Problem description =
Span requested from the data below: the line with "Hello and welcome." through the line with "What's going on", both included. Give only these lines again, exactly, and leave every picture out.

Records provided =
------------
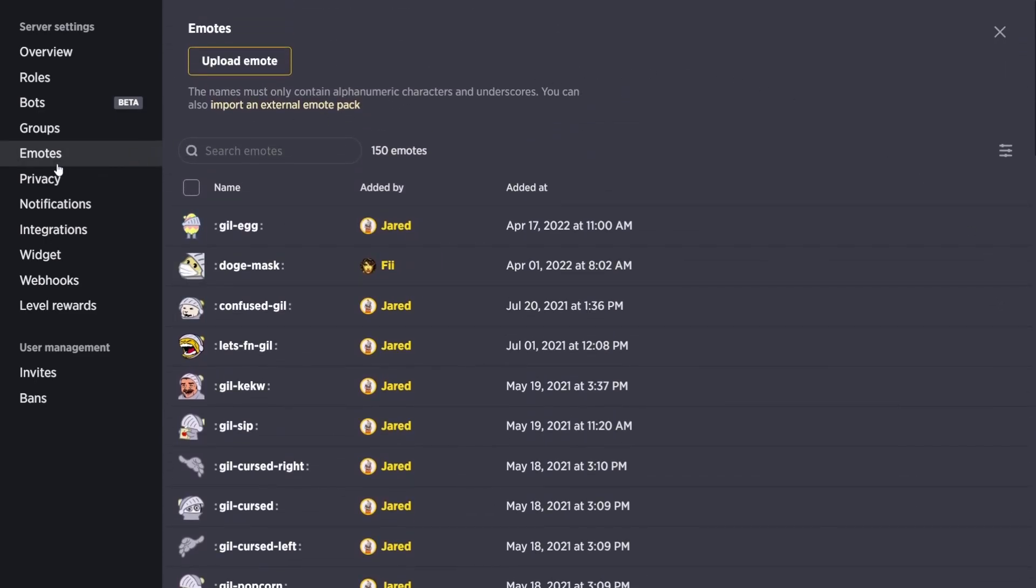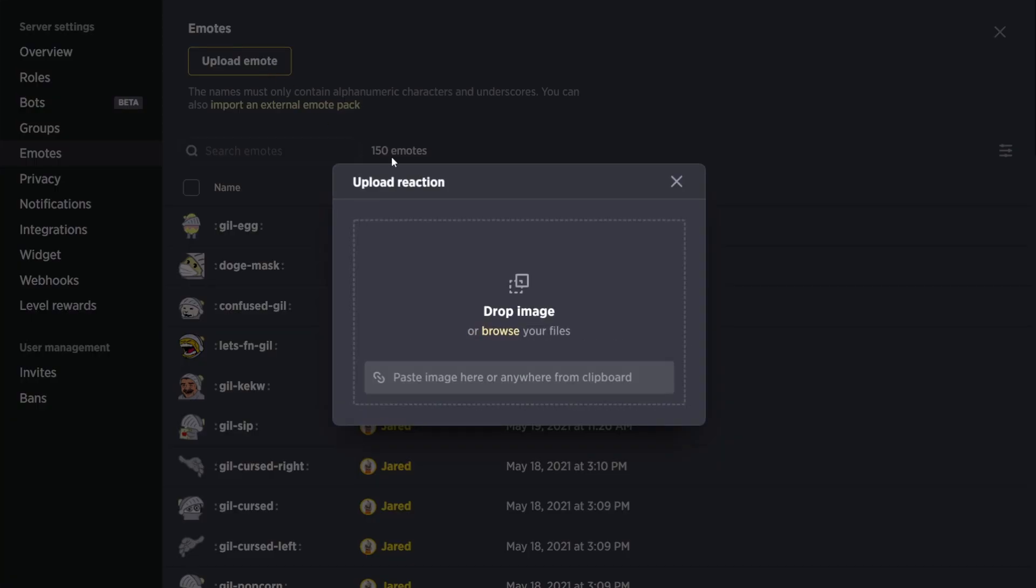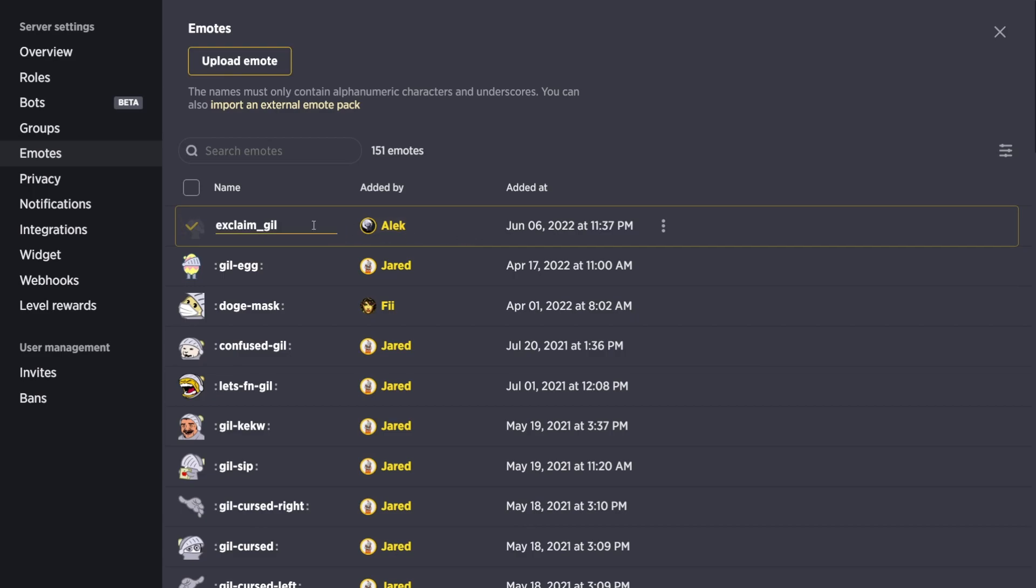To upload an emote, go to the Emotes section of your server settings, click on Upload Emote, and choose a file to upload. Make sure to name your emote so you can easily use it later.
------------
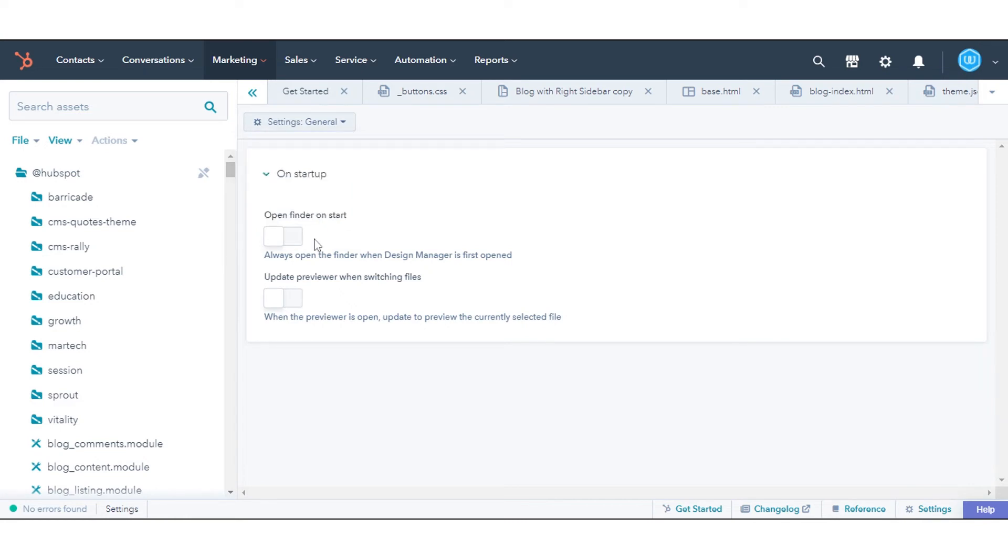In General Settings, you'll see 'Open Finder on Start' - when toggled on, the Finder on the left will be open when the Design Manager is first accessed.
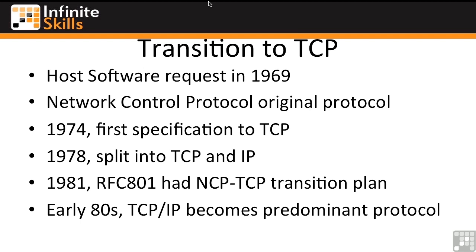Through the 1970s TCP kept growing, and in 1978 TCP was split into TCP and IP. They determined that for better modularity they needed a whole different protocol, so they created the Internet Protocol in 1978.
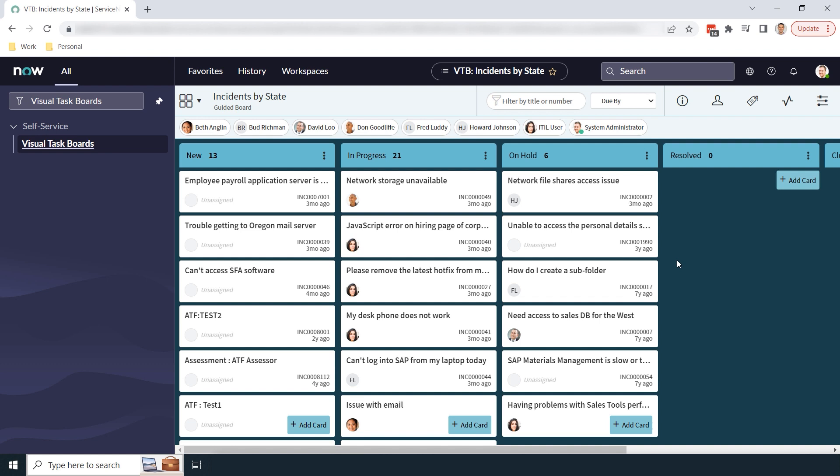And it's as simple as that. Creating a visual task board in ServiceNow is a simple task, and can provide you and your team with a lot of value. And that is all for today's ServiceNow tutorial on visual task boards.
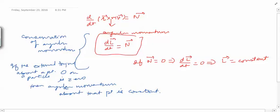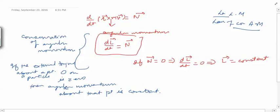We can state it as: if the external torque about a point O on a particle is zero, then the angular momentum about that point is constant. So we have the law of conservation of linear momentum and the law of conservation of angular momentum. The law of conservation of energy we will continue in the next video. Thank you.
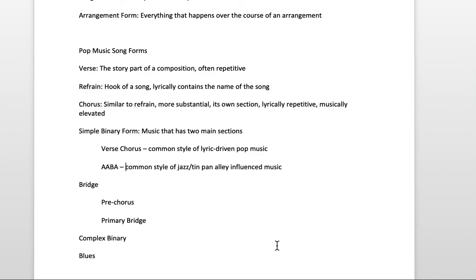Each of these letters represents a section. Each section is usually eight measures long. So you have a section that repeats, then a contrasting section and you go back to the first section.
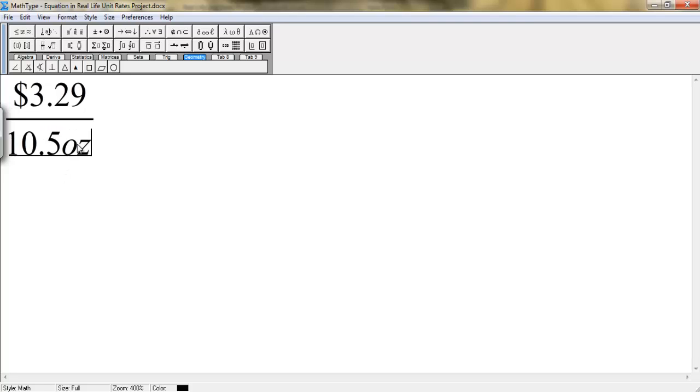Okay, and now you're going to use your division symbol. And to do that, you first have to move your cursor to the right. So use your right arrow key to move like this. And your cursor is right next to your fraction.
------------
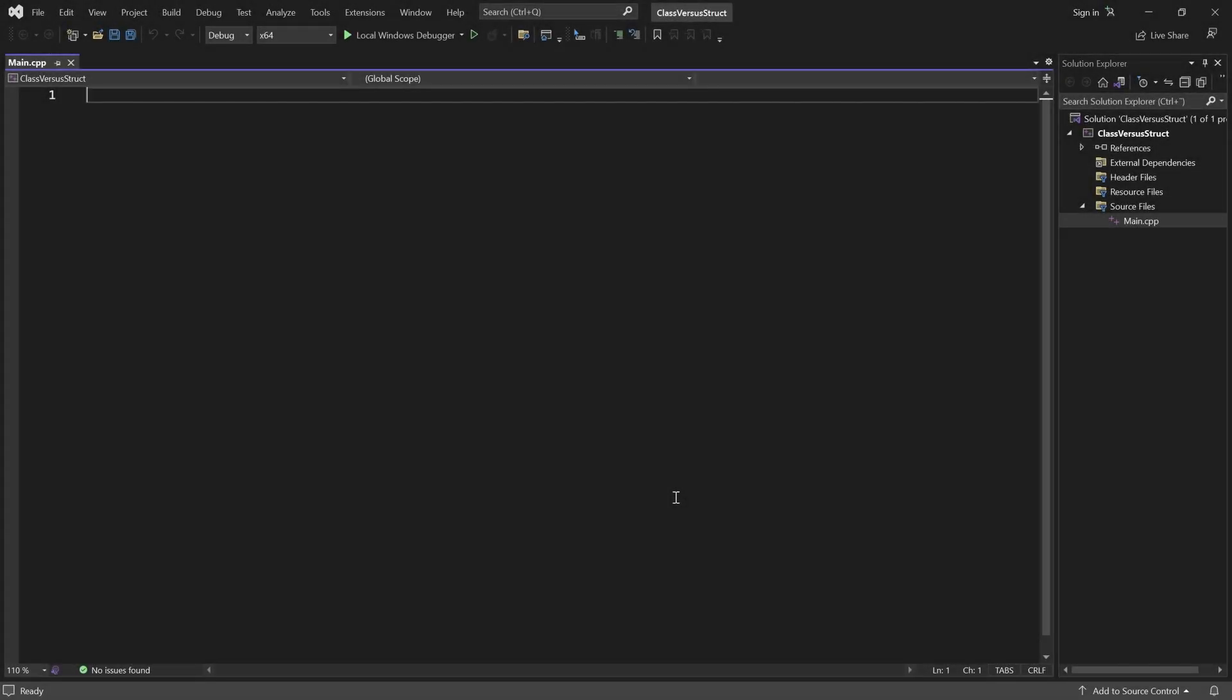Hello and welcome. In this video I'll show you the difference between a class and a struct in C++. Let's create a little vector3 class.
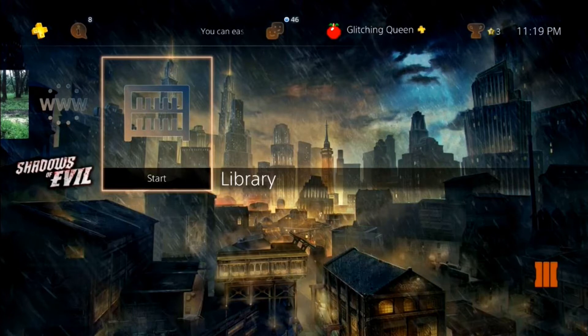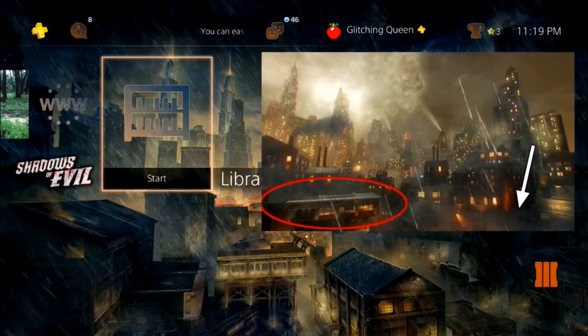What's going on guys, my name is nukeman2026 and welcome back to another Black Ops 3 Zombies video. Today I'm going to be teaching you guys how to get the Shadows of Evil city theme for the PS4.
------------
Written solution =
Hello and welcome. In this video I'll show you the difference between a class and a struct in C++. Let's create a little vector3 class.
What's going on guys, my name is nukeman2026 and welcome back to another Black Ops 3 Zombies video. Today I'm going to be teaching you guys how to get the Shadows of Evil city theme for the PS4.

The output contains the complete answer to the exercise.